La météo peut-elle affecter votre humeur?

Alors que la majeure partie du pays souffre des températures les plus chaudes jamais enregistrées cet été, les gens se demandent comment le climat influe sur notre humeur. Par exemple, comment le temps chaud affecte-t-il notre humeur? Est-ce que cela nous rend plus agressif – ou même plus violent?

La pluie nous rend-elle tristes? Qu'en est-il des températures froides… nous incitent-ils davantage à vouloir nous asseoir, hiberner et nous isoler des autres?

Revenons à la façon dont les conditions météorologiques affectent notre humeur et nos vies.

La dernière fois que j'ai abordé ce sujet il y a quelques années, j'ai examiné de manière approfondie les recherches afin de voir toutes les différentes manières dont le temps influe sur notre humeur.

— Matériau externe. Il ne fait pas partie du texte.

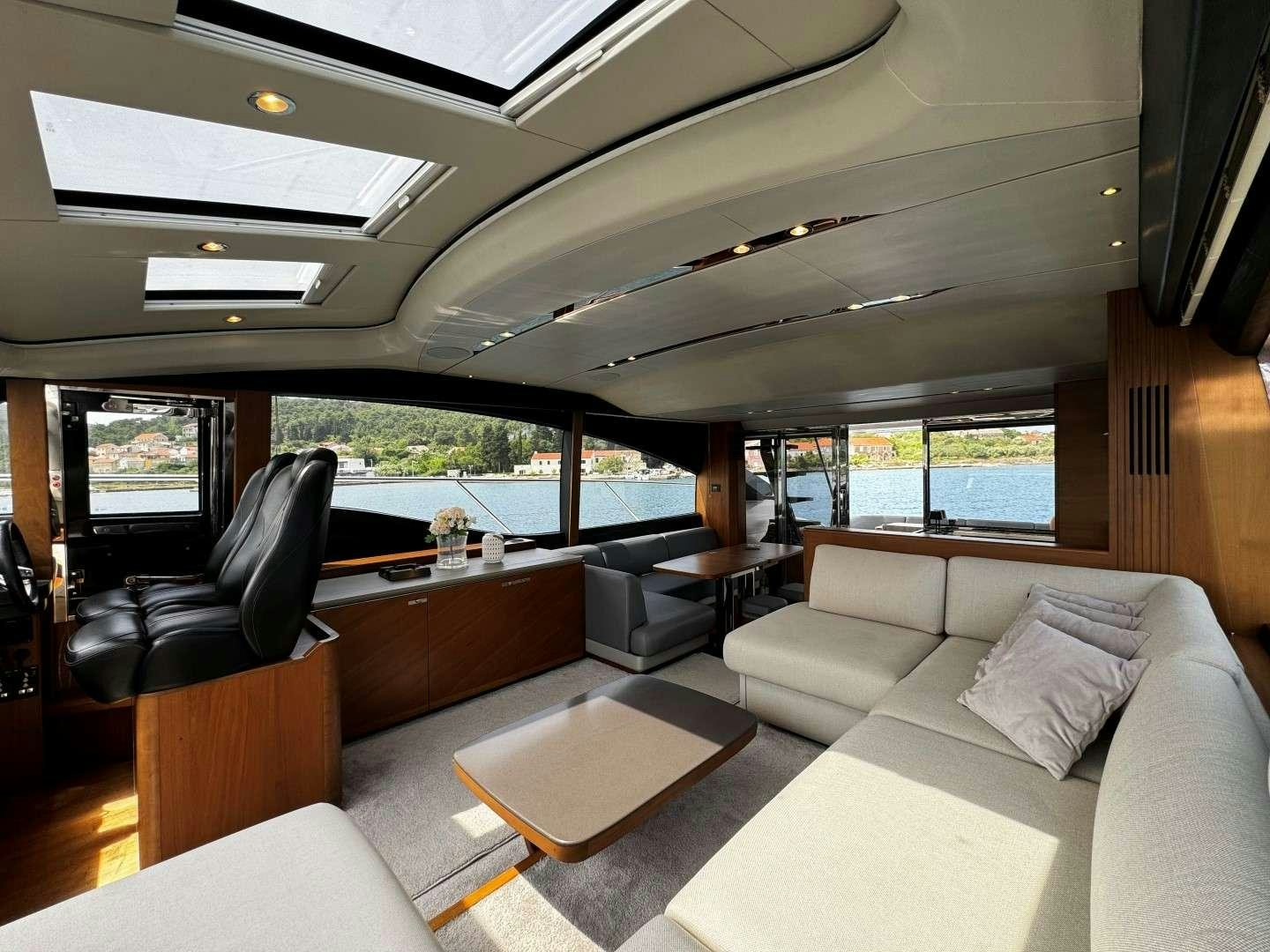 a living room with a couch and a table aboard MALUHIA Yacht for Charter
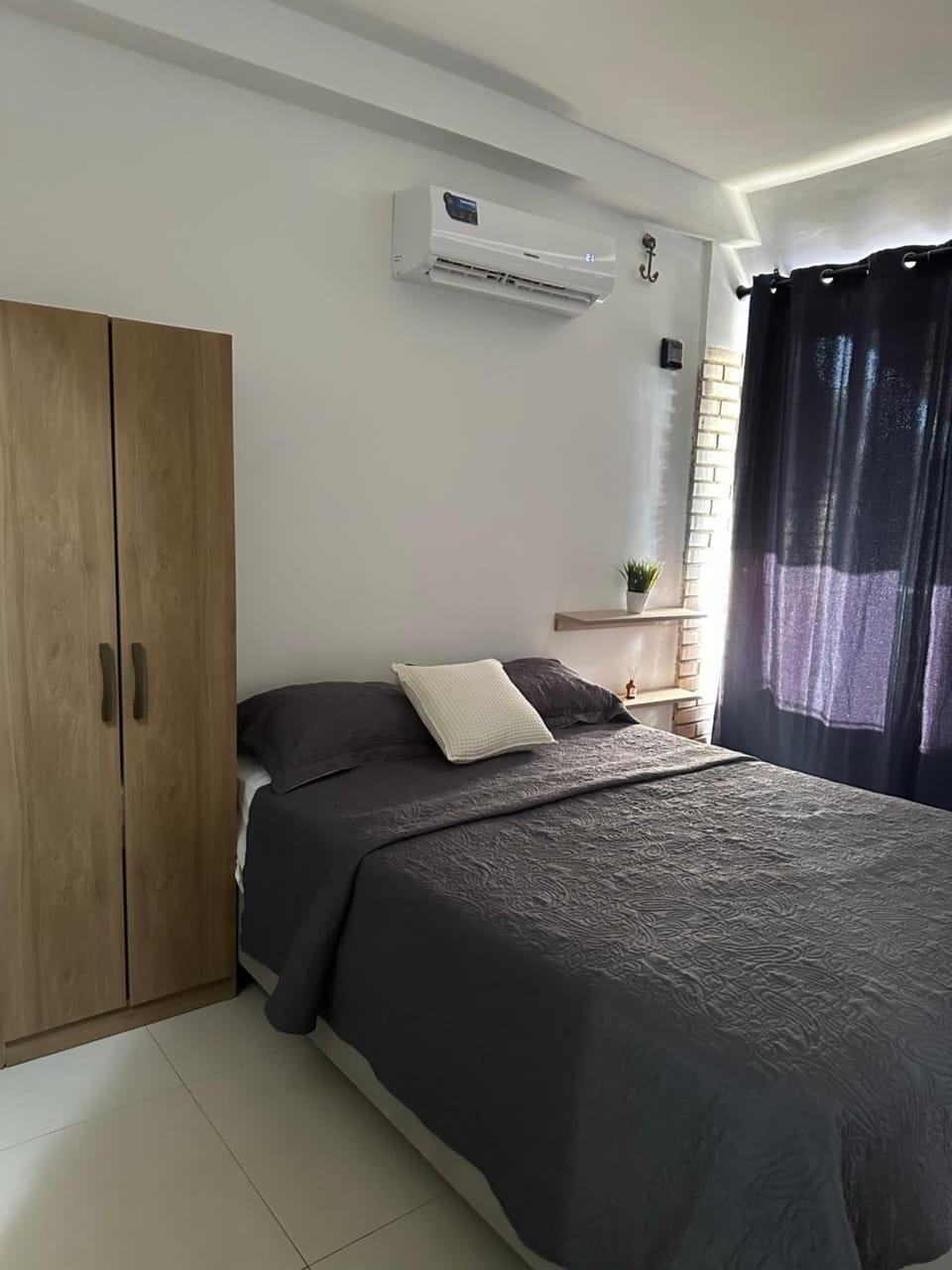 Bed, wardrobe, air conditioner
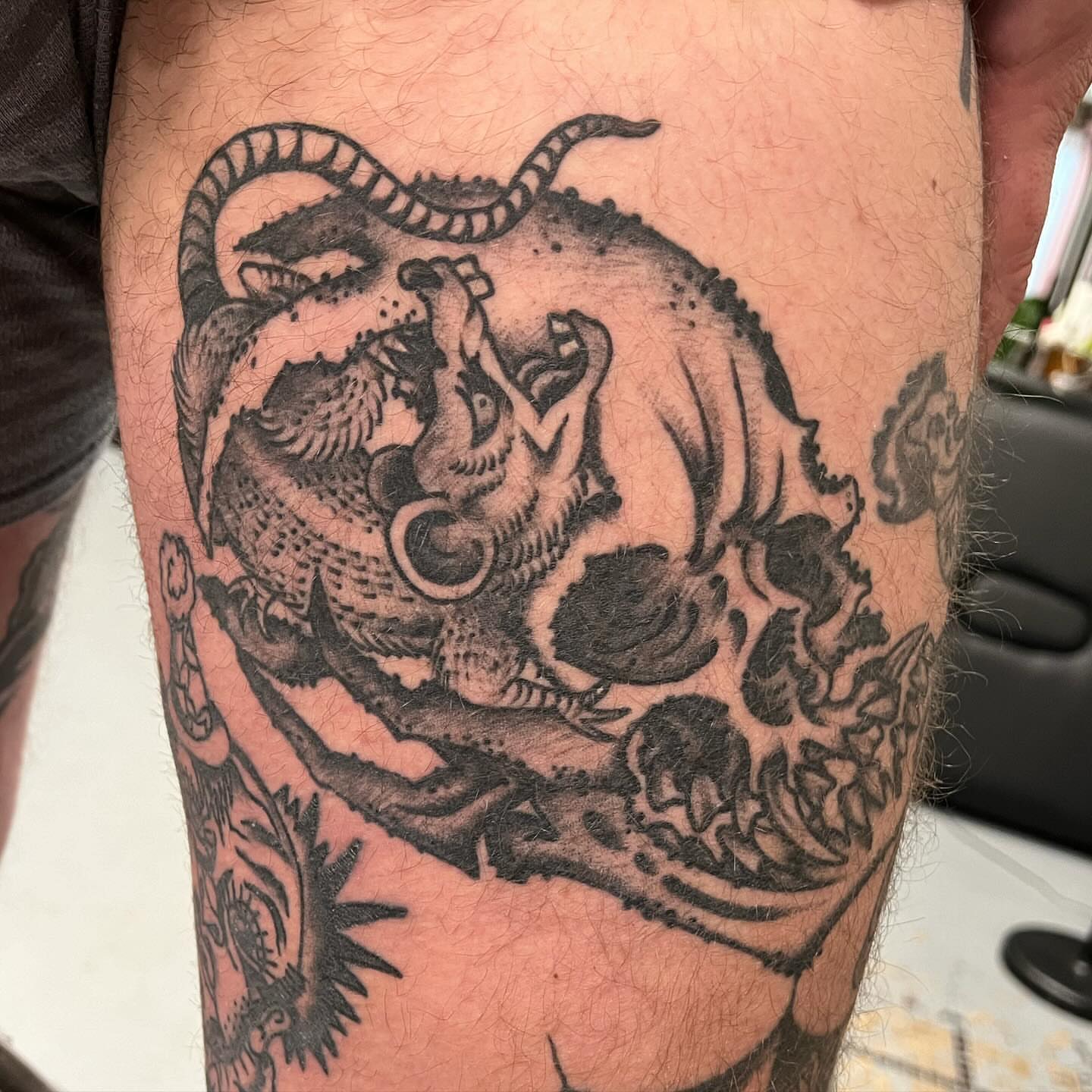 Dragon and skull realism tattoo on the thigh by Matt E.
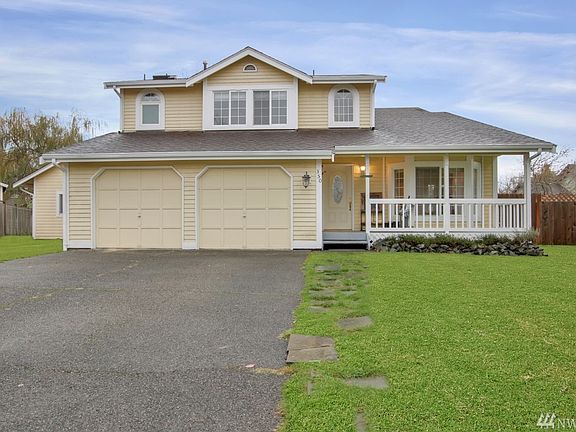 This 4 bedroom, 2.5 bath charmer features a covered porch & 2 car garage.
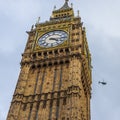 The famous Big Ben clock tower with a helicopter in the background in London in England, United Kingdom Royalty Free Stock Photo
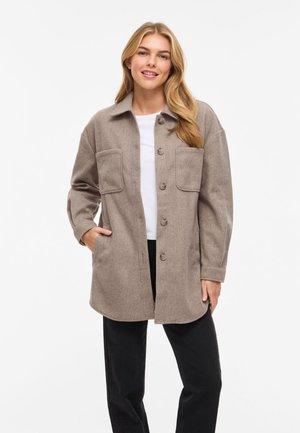 Smilende kvinde med langt blondt hår iført en taupefarvet skjortejakke med knapper over en hvid top og sorte bukser, med hånden i lommen.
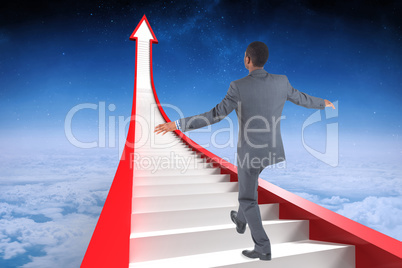 Composite image of businessman performing a balancing act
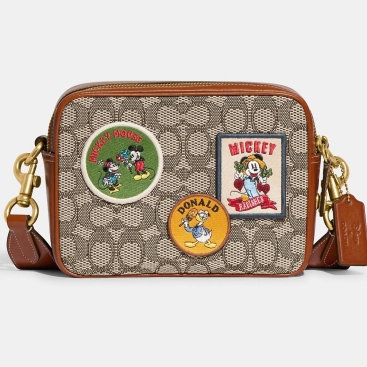 Túi đeo chéo limited Disney X Coach Flight Bag 19 In Signature Textile Jacquard With Pathes CG968
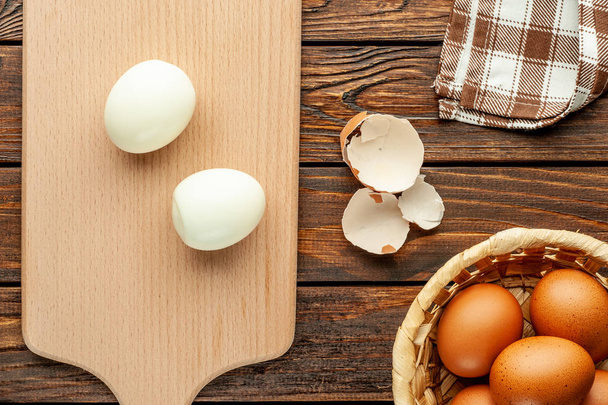 Peeled boiled egg on wooden background.  - Photo, Image
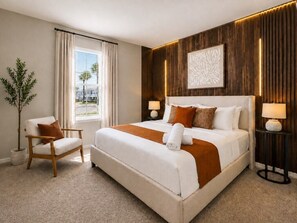 A hotel room with a large bed, a chair, a lamp, and a window with curtains. - Retiro Moderno 5BR Windsor Cay | Piscina Privada + Sala de Jogos (Clermont)
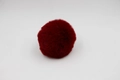Close-up of a 8cm dark red faux rabbit fur pom-pom ball for bags and DIY craft accessories - 8cm Faux Rex Rabbit Ball / Burgundy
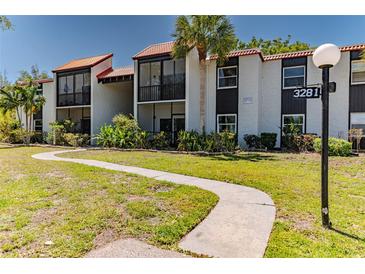 Inviting exterior of a condominium featuring well-maintained landscaping and a charming walkway leading to the entrance at 3281 Beneva Rd # 202, Sarasota, FL 34232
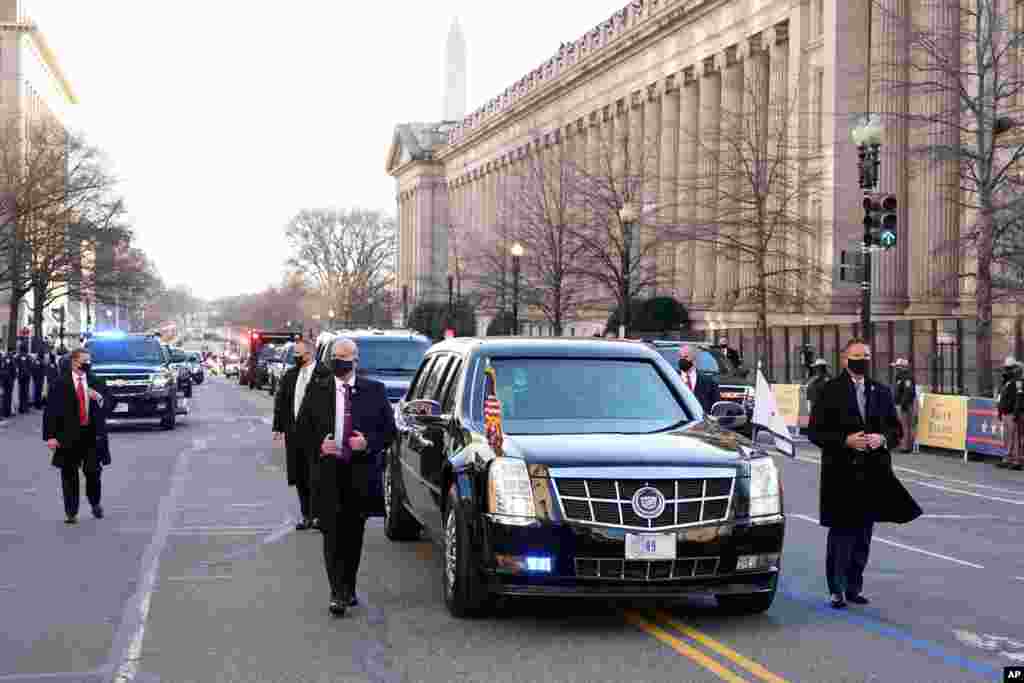 Vice President Kamala Harris, and her husband Doug Emhoff, ride during the Inauguration Day Parade Route in Washington after being sworn in as the 46th vice president of the United States.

Ce n’était pas surprenant pour moi de voir toutes les différentes manières dont la météo influe sur notre humeur.

L’une des conclusions de la recherche que j’aimerais souligner est que l’impact du temps sur notre humeur n’est peut-être pas aussi important que nous le croyons parfois. Une grande partie de la recherche dans ce domaine a abouti à des résultats variables, parfois contradictoires. Si large, les plats à emporter ne sont pas toujours à prendre.

Cela dit, voici les différentes façons dont la recherche indique que les conditions météorologiques influent sur notre humeur:

Des températures plus élevées peuvent amener une personne déprimée.

Denissen et al. (2008) ont constaté que l’influence quotidienne des conditions météorologiques avait plus d’impact sur l’humeur négative d’une personne que sur l’amélioration de son humeur. Des températures plus élevées étaient associées à une augmentation des sentiments négatifs d’une personne, des sentiments tels qu’être plus irritable, en détresse ou nerveuse. Les chercheurs ont également constaté qu'une plus grande quantité de lumière solaire et moins de vent atténuait ces sentiments négatifs.

Les effets globaux trouvés par cette étude étaient toutefois faibles. De plus, les chercheurs n’ont trouvé aucun effet significatif sur la météo pour améliorer l’humeur positive d’une personne.

Le trouble affectif saisonnier est réel.

Le trouble affectif saisonnier (SAD) est un type très réel de trouble dépressif (techniquement appelé trouble dépressif à tendance saisonnière) dans lequel le principal épisode dépressif d’une personne est lié à une saison spécifique. Alors que nous pensons le plus souvent au TAS qui n’affecte que les personnes au cours des mois d’automne ou d’hiver, une minorité d’entre elles l’éprouvent également au printemps et à l’été.

La chaleur (et les pluies extrêmes) font ressortir le pire chez l'homme.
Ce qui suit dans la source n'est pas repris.